Anti-Curb Cutting Rule Inches Forward
It was merely advisory, but a vote at Community Board 2 on Wednesday spoke very clearly about how most people in brownstone neighborhoods feel about curb cuts and other actions that destroy the residential streetscape: According to a post on The Local, the board unanimously voted to support the Department of City Planning’s Residential Streetscape…

It was merely advisory, but a vote at Community Board 2 on Wednesday spoke very clearly about how most people in brownstone neighborhoods feel about curb cuts and other actions that destroy the residential streetscape: According to a post on The Local, the board unanimously voted to support the Department of City Planning’s Residential Streetscape Preservation Text Amendment. The amendment would prohibit the creation of front yard parking in areas with predominantly one- and two-family houses (by implementing stricter planting rules) as well as block curb cuts for new buildings less than 40 feet wide in R4B through R8B districts. Hopefully this will be lay-up.
PFA, I’ll let your statement and my statements from the last year speak for themselves.
Joe from Brooklyn — I hate singling anybody out on a forum like this, and I’m sure you mean well… but dude, it’s your quasi-libertarian attitude that undermines the character and livability of so many new york neighborhoods.
BTW, the more that I look at the curb cut in the above picture the more tasteful and contextual it looks. I notice that the driveway is slopes DOWN to allow a larger-than-would-seem garage door that could accommodate today’s larger crossovers and SUV’s. Definitely far more handsome than from the downward driveways in those paleo-Fedders from the 1950’s and 60’s you see.

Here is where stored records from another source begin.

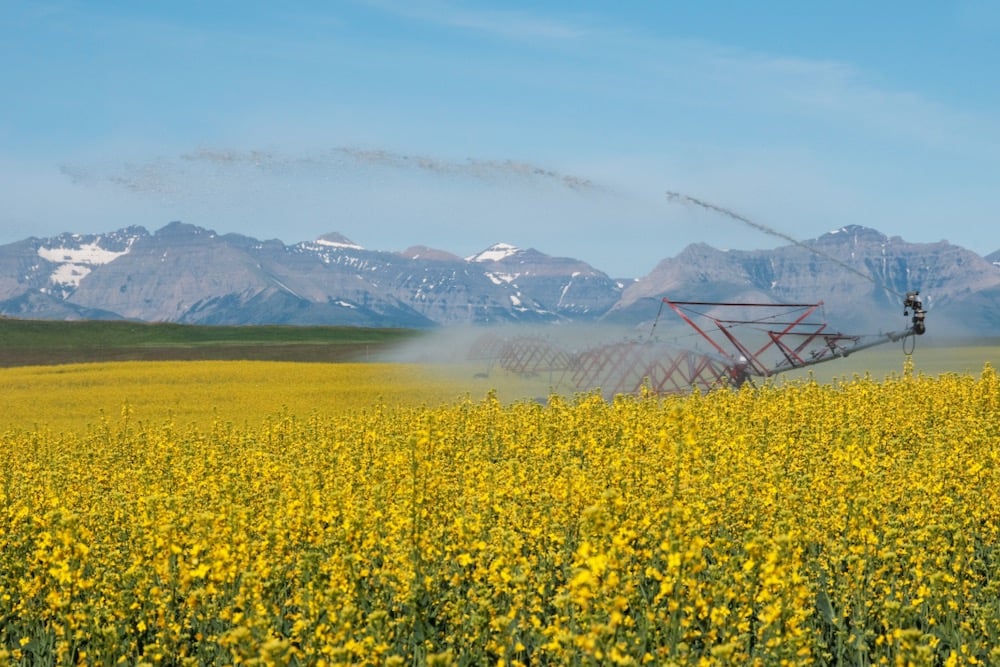 While Alberta's south saw a four per cent increase, its value of land for irrigation jumped by almost 30 per cent.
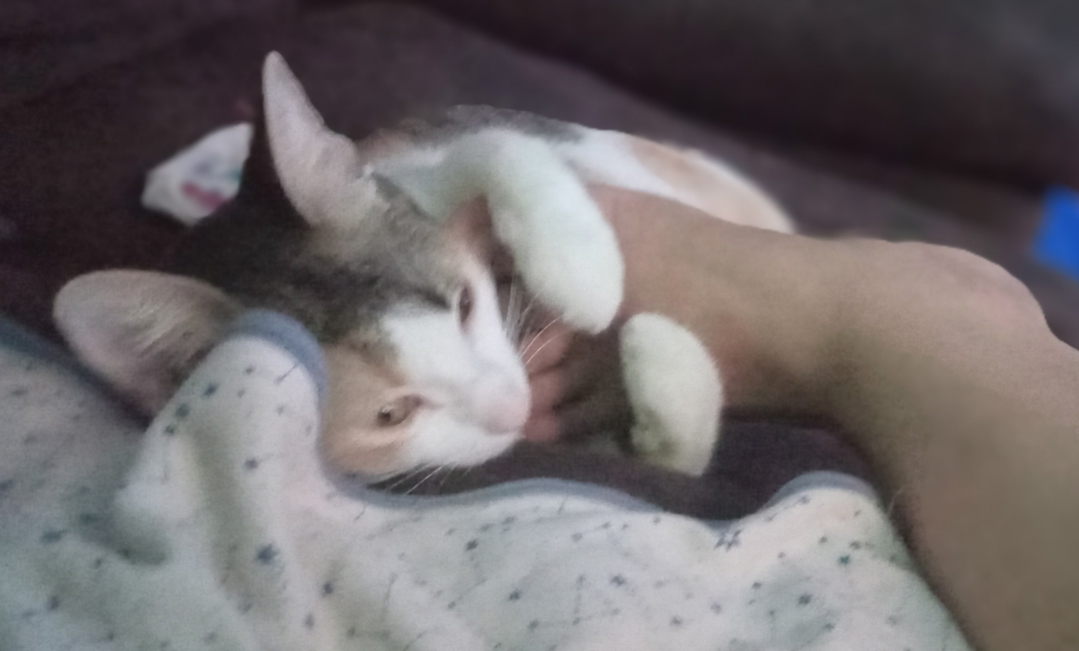 Ali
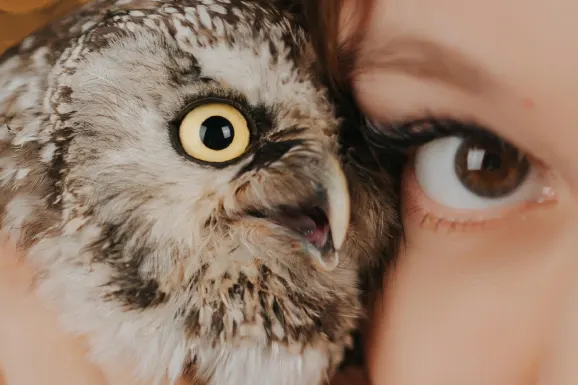 Betitall Casino Stuðningur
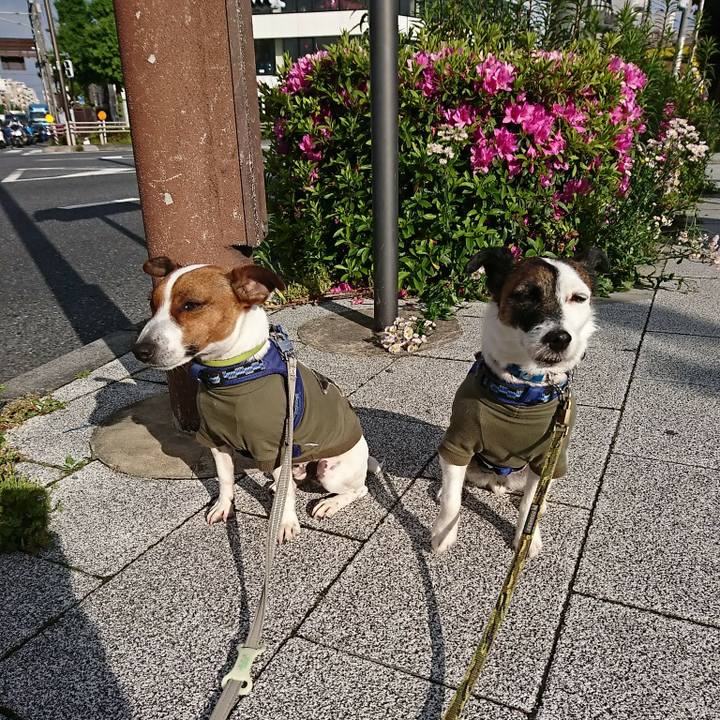 E69e750a bdc3 486c 9d19 89e9349ccd5f 1588889114175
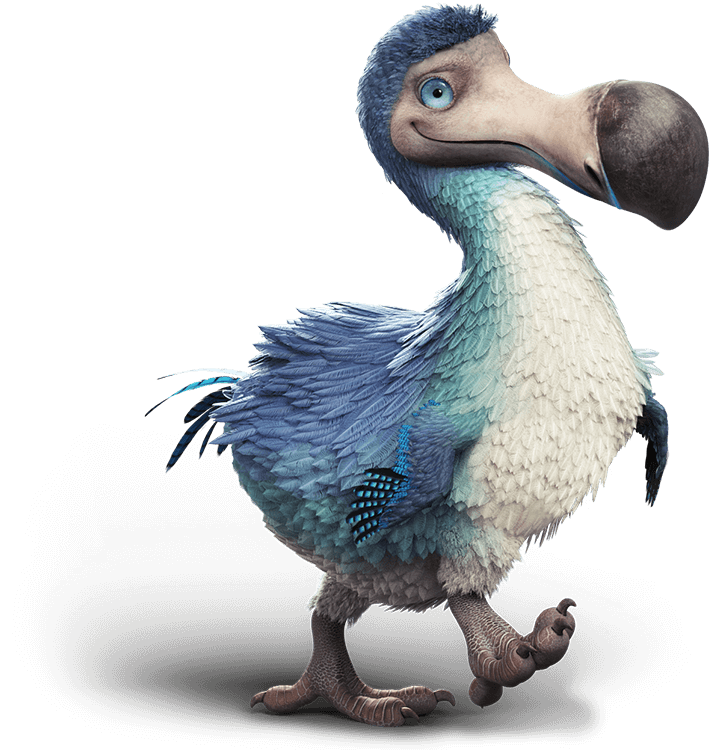 dodo internet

Gotta say, brownstone front yards are a joke to begin with, parking a car there doesn’t bother me (though knocking through a wall to install a garage seems kinda gross).
Probably half of the houses (brownstones, brick row houses, and former-brick-now-vinyl-siding-kill-me-please) on my block have gotten the parking treatment, and I can’t say they look any better or worse than the others.

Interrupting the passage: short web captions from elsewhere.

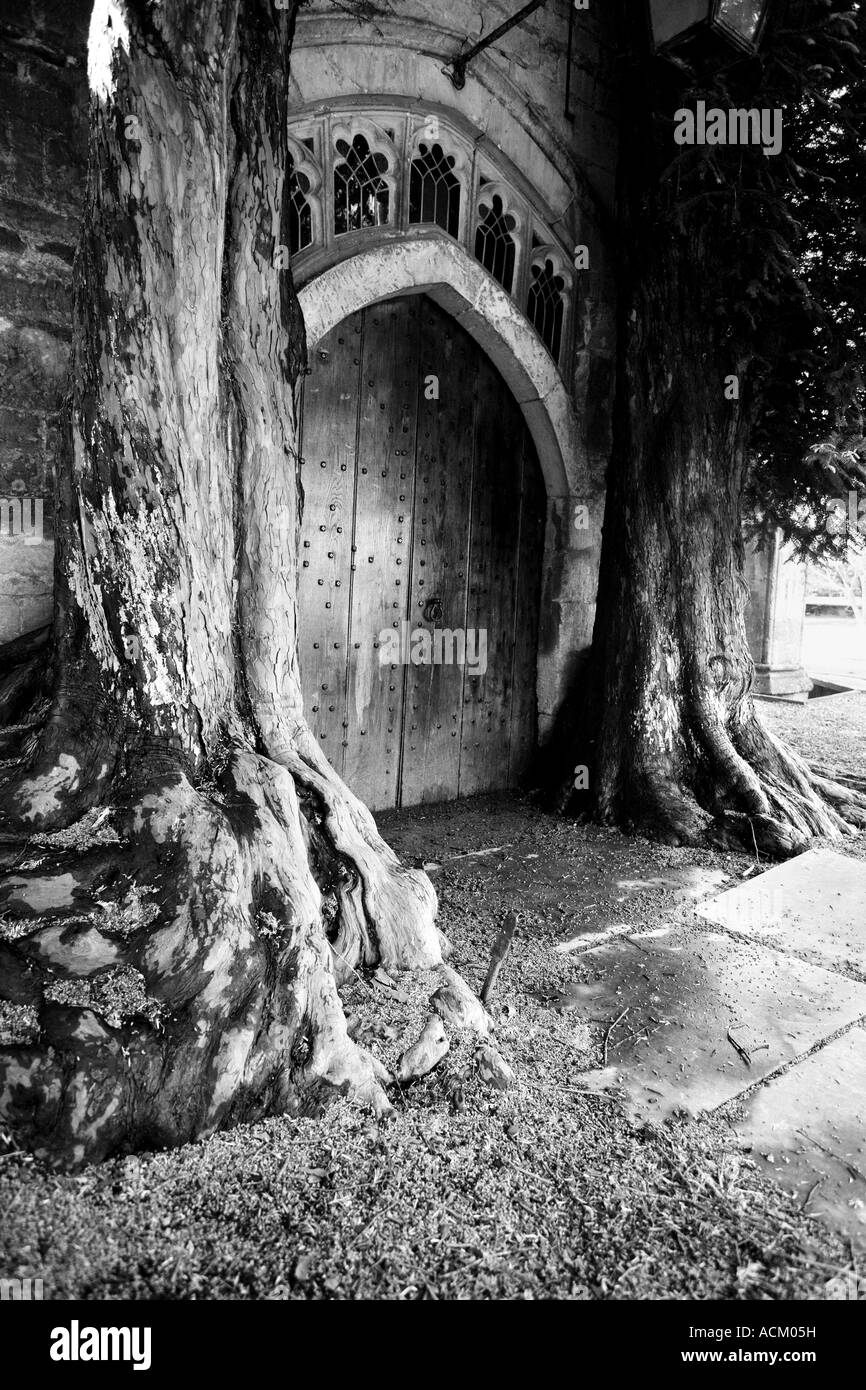 If de deux arbres qui entourent la porte de l'église à Stow on the Wold , Cotswolds , en Angleterre. Monochrome Banque D'Images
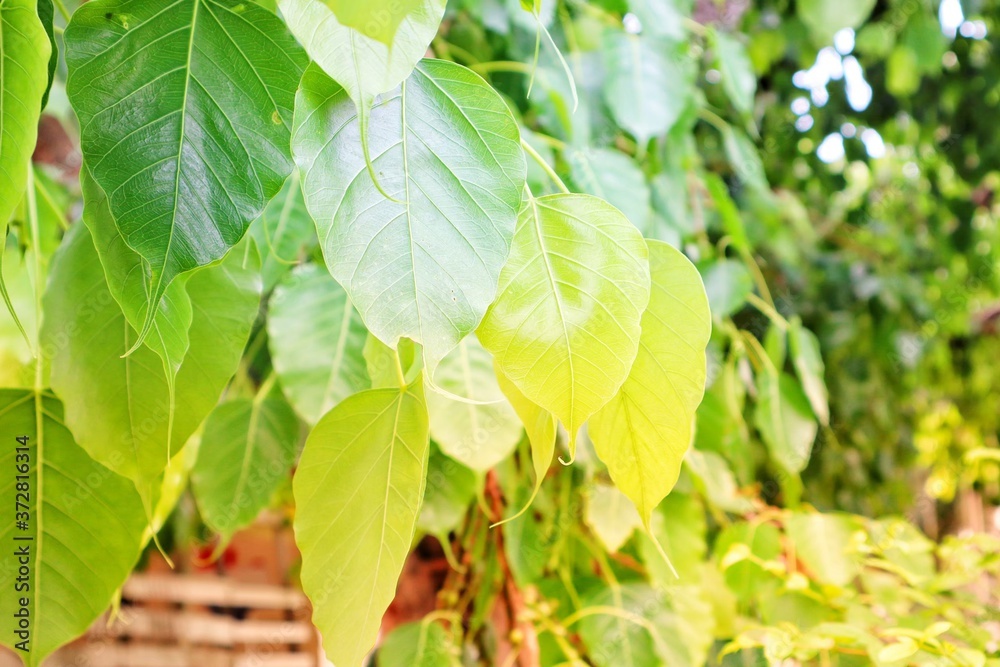 Obraz premium green leaves background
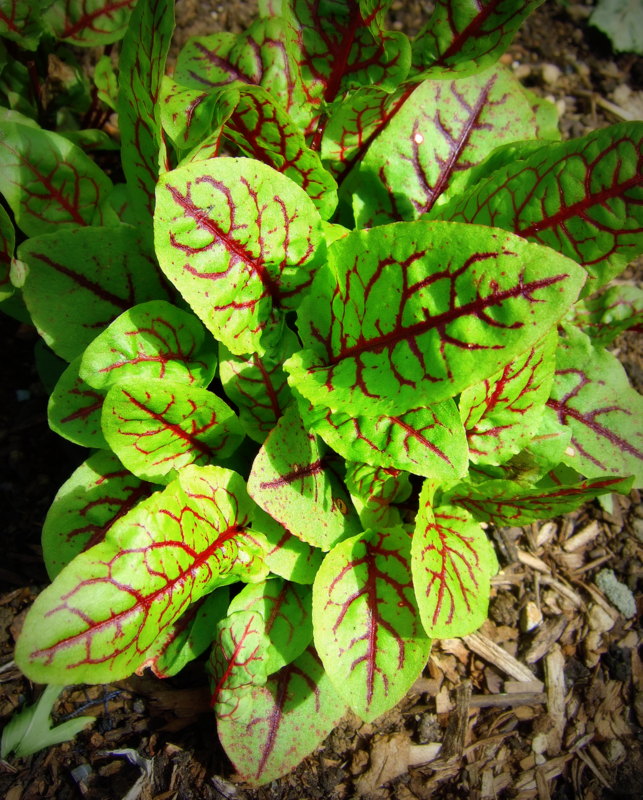 sorrel-red-veined-12-gram-18-500-seeds-bulk-ebay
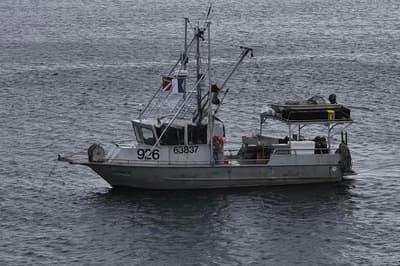 BOATZON | Munson 38 Aluminum Commercial Dive 1992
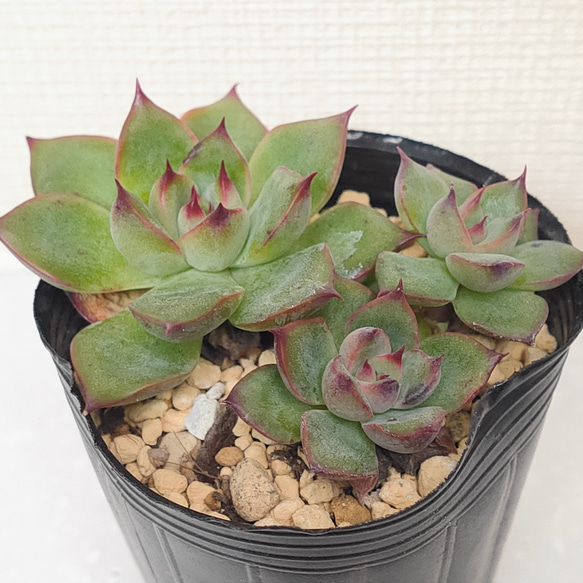 ♥️01 札落ち エケベリアsp／多肉植物 Yahoo!オークション - 8株セット C113多肉植物エケベリア8種類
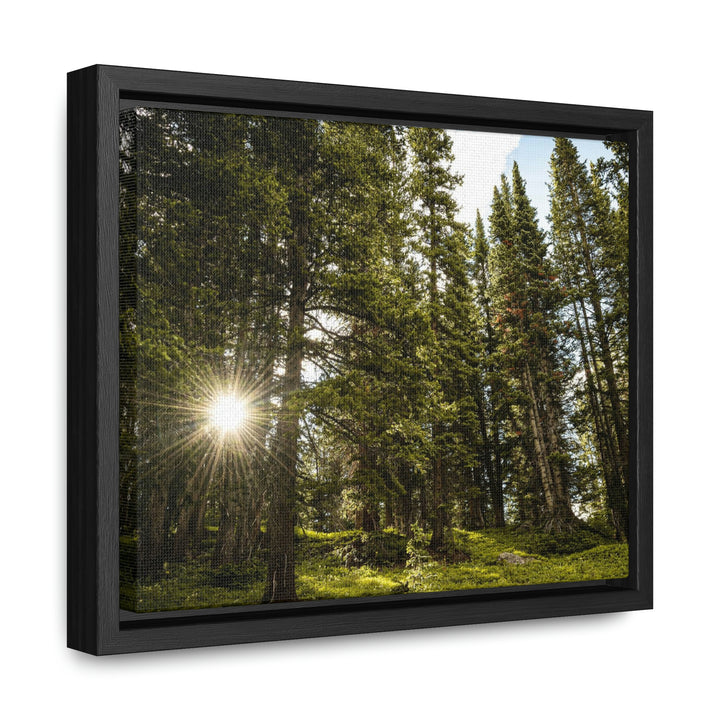 Forest Light - Canvas with Frame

ou812 — that’s the thing… IF they were built today, the whole neighborhood would be built to accommodate cars! Lots of examples are above. Brownstone Brooklyn ain’t that.
Garages and Curb cuts are a beutiful thing. I get to park my gas guzzlers when I want and I don’t have to circle for a spot. I don’t worry about taking my car out for short trips, because I’ll have a spot when I return. Alternate side parking, what’s that? The best part, since mine is legal, anyone who blocks me gets a ticket and a tow courtesy of NYPD. Let’s face it, if your brownstones were built today, they would all have parking. Put another log on the fire and deal with it.

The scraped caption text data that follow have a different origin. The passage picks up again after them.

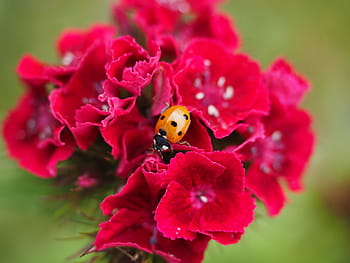 무당 벌레, 코시 넬리 대, 갑충, 탤 트론, siebenpunkt 무당 벌레, 시벤 펀크, coccinella septempunctata, 카네이션, 꽃, 빨간, 돔 모양의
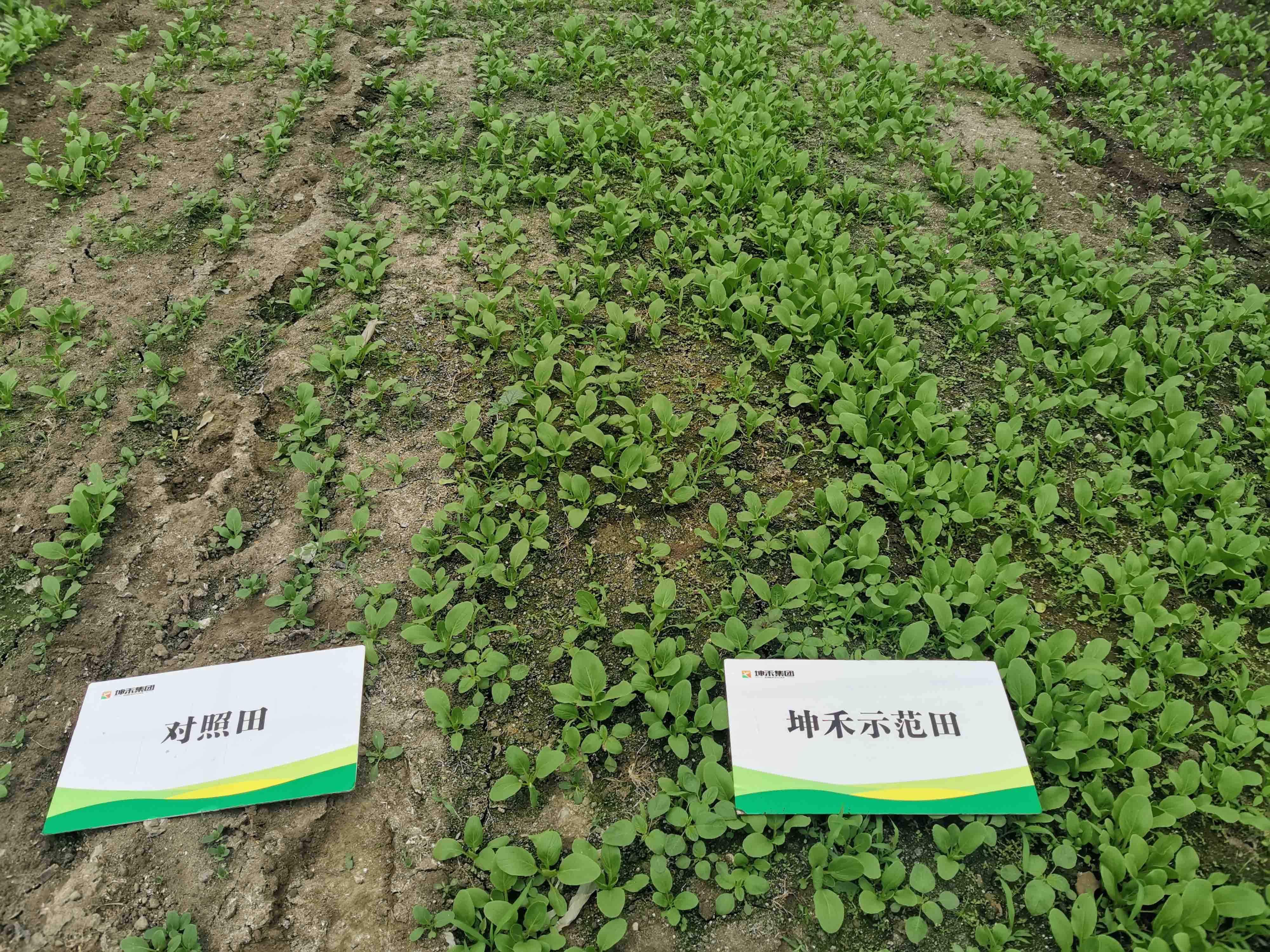 1672885914782326.jpg 微信圖片_20220516110242.jpg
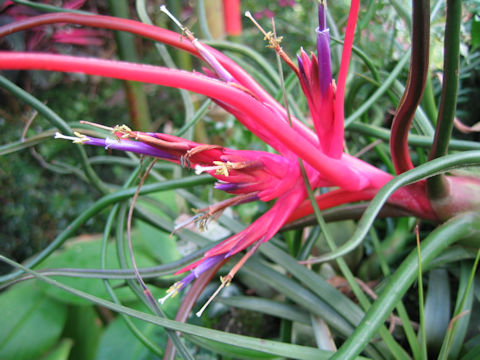 Tillandsia caput-medusae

An alleyway must cut the costs for garden renovations in half…
An average car is about 16′ long. A standard 1 car garage door such as the one pictured is 8′ wide. Even assuming a 1 car curb cut removes an entire street parking spot, it also adds one off street parking spot. Adding off street parking and removing on street parking in this manner has no impact to the overall parking capacity of a given area.
Yeah, Crown Heights South has many streets with alleyways, as well as quite a few blocks of semi-detached houses with shared driveways and double garages, one for each neighbor. These date from the early 1900’s to about the 1930’s. It’s a great feature of the neighborhood.